StainSTORM started from a simple idea: if we want spatial biology workflows to be truly reproducible and scalable at different lab sites, the “lab” itself has to become something we can deploy, version, and operate like software in a very distributed manner. The project (or rather multiple projects such as the TAB-funded RunFAST and the MDC-funded Gateway Project) brings together two largely hardware-matched automation stations, one in Helsinki and one in Jena, and connects them through a shared orchestration and analysis backbone using Arkitekt. What makes it special is not just the technical stack, but the way the collaboration happened: the system was developed remotely across multiple institutions and then brought to life in a focused on-site commissioning effort. This was done in a seris of online meetings and very intensive and even more fun hackathons.
At the center of the workflow is a cyclic chromogenic immunohistochemistry protocol designed for FFPE tissue slides. The goal is to run repeated staining rounds on the same sample, image each round, and use the acquired data for both documentation and quality control inside the loop. That requires precise and repeatable liquid handling, reliable sample logistics between instruments, robust imaging, and an analysis pipeline that can keep up with the data volume and provide actionable readouts.

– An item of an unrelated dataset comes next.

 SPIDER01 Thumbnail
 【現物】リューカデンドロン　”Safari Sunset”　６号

The University of Helsinki team provided the biological and experimental anchor of the project. They drove the wet-lab requirements, shaped the staining protocol around real research constraints, and ensured that what we automate is not just a “demo pipeline” but something aligned with practical tissue workflows. The workflow using the Opentrons OT2 was already part of their daily routine, but it lagged high-throughput. Their perspective defined the success criteria: the staining needs to be consistent across cycles, the images need to be interpretable for downstream analysis, and the system has to be robust enough to run for extended periods without constant supervision.

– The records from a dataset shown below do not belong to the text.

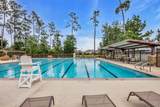 31803 Forest Park Trail - Photo 35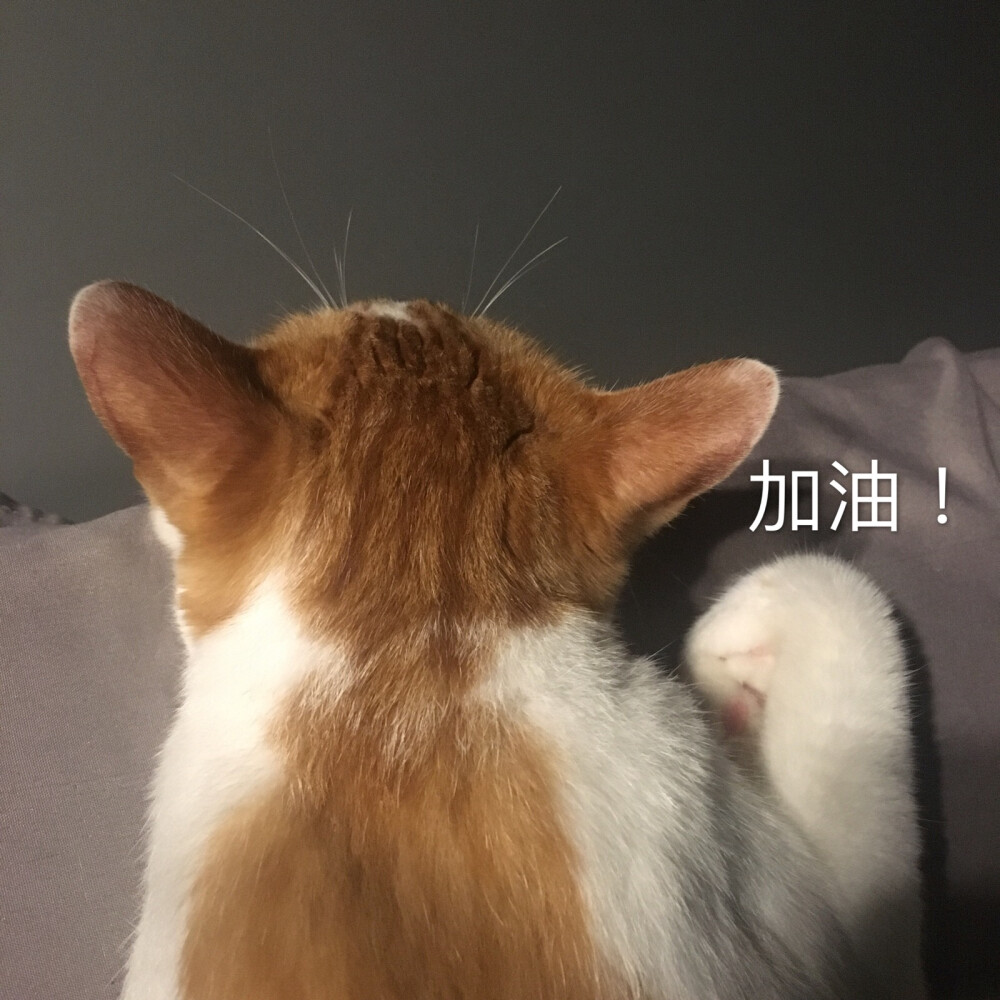 加油！猫表情包 自作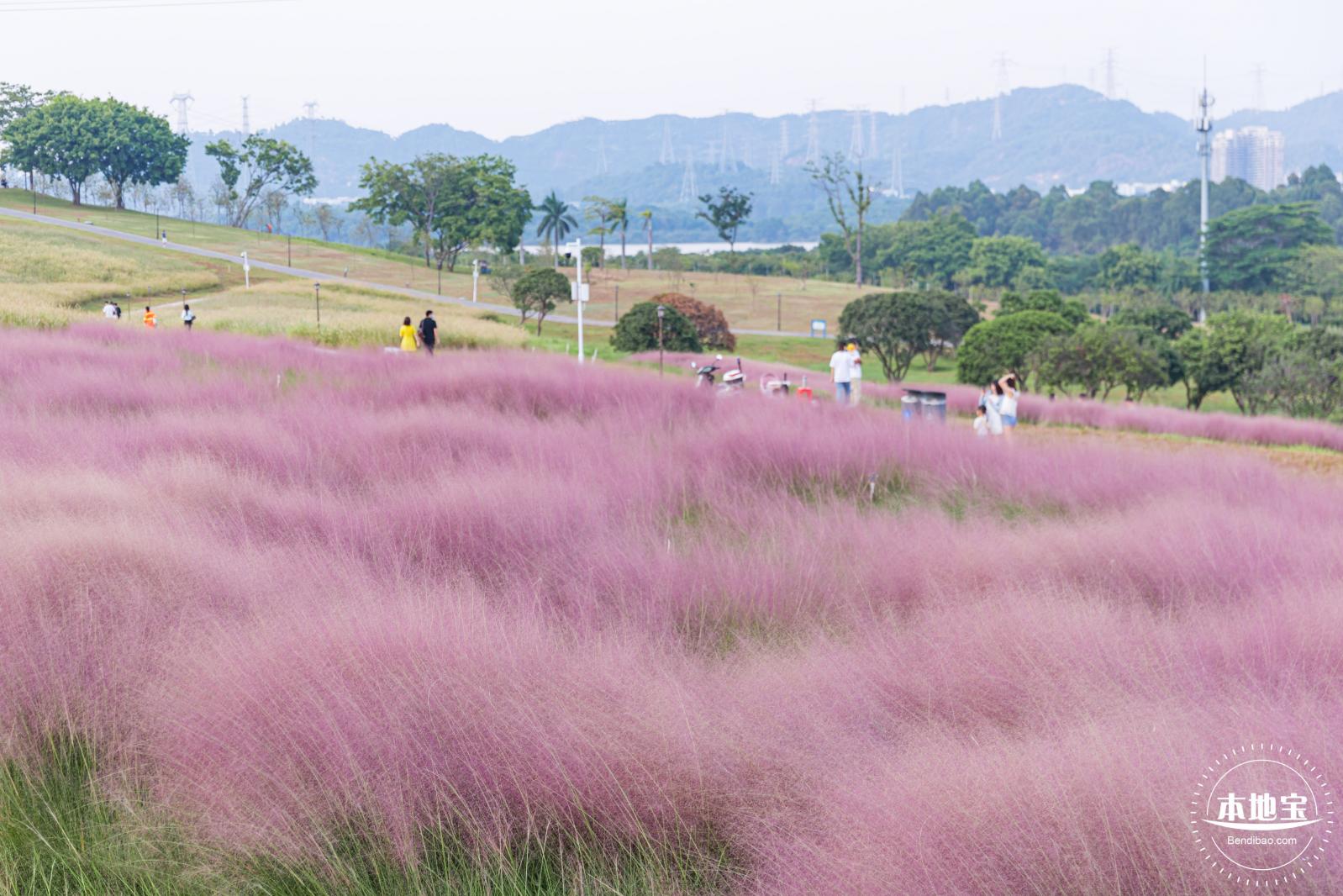 陌上花公园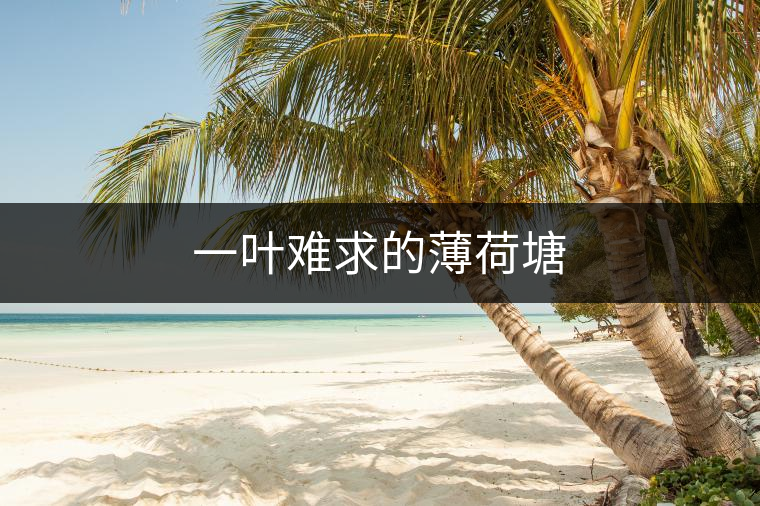 一葉難求的薄荷塘 一葉難求的薄荷塘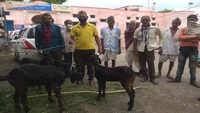 Goat ‘talks’, settles ownership dispute in Rajasthan 
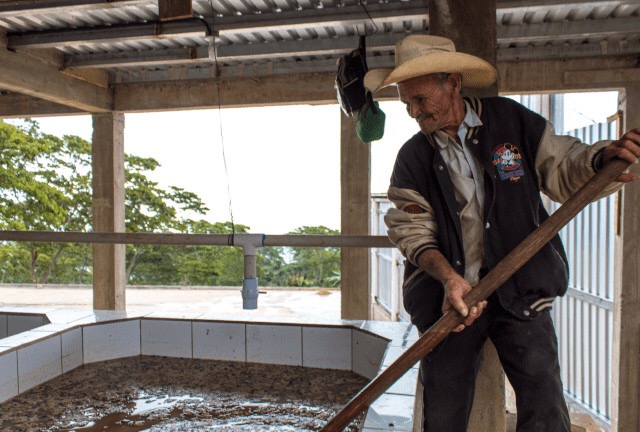 20190812_034451674_iOS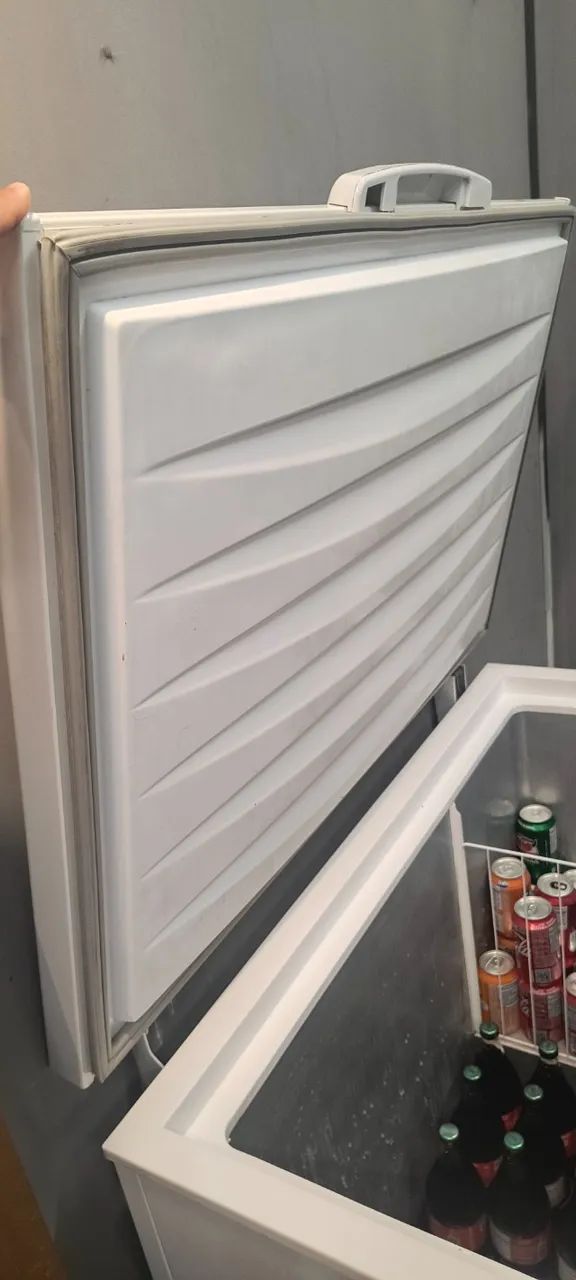 Freezer Electrolux 314l - Foto 3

The automation layer is built around the idea that each device should expose a hardware agnostic service that is reliable and contains high-level actions that can be composed into a larger workflow. The Opentrons OT2 plays a key role here by executing the repeated staining and washing steps in a controlled, repeatable manner. The Fairino FR5 robotic arm layer adds what is often missing in lab automation: physical integration for moving slides from a-to-bo. With the Fairino arm integration, the system can transport slide racks between stations and place them reproducibly for imaging, enabling continuous operation and tighter coupling between wet lab steps and imaging-based checks. To make this hole step simple, we designed a custom sample holder ready to hold multiple slides for sequential staining in the opentrons and then moving it back and forth to the microscope:
OpenUC2’s core contribution is (obviously) the microscope. We provided the OpenUC2 FRAME microscope as an affordable, modular imaging node that can be tightly integrated into an automation stack. Beyond the hardware, the microscope is designed to operate headless and to expose scanning functions that fit into a service-based architecture. That matters because the microscope is not treated as a special one-off instrument, but as a programmable component in a distributed workflow. The OpenUC2 microscope captures tile scans that can be stitched into large mosaics and compared across staining cycles, making it possible to support quality control and downstream segmentation without relying on proprietary scanning infrastructure. We integrated the necessary services through arkitekt in a simple controller: https://github.com/openUC2/ImSwitch/blob/master/imswitch/imcontrol/controller/controllers/ArkitektController.py. this one adapts the function to scan a slide to the Service world of Arkitekt.
The compute and analysis side is where the workflow becomes more than just automation. The Max Delbruck Center and the Helmholtz HPC environment provide the computational home for large-scale image processing: stitching, registration across cycles, segmentation, and exploratory biomarker-driven analysis. This is essential because cyclic workflows quickly generate many gigabytes of image data, and turning that into per-cell and per-region measurements requires scalable resources. Equally important is the idea of traceability: analysis is part of the experiment, not an afterthought, and it needs to be reproducible alongside the wet-lab steps.
Arkitekt ties everything together. Instead of building a monolithic control program, we structured StainSTORM as a set of small services, each running in containers, often on embedded nodes such as Raspberry Pi computers. The orchestrator composes these services into a step-chain workflow that behaves like a state machine, with explicit transitions and decision points. This architecture also enabled the remote-first development process: we could define the workflow, test it against mock services, swap in real hardware drivers once they were ready, and then deploy a consistent stack to both sites.
What emerged from this partnership is a blueprint for how cross-lab automation can work in practice. Each partner contributed what they are best at—biological requirements and validation, robotic handling and protocol execution, open and modular microscopy, scalable compute and analysis, and the orchestration framework that turns it into one coherent system. The result is not just an automated staining pipeline, but a reproducible way to build and share complex lab workflows across geography, budgets, and infrastructure levels.
This project was and still is funded from multiple sources. We contributed to a Helmholtz Gateway Project at the Helmholtz MDC through the TP Image Data Analysis Kooperation HPC Gateway (28/2025 KSCH – MDC / OpenUC2). We also thank the Thüringer Aufbaubank (TAB) for their financial support through the RunFAST project supported the the EU Council EFRE.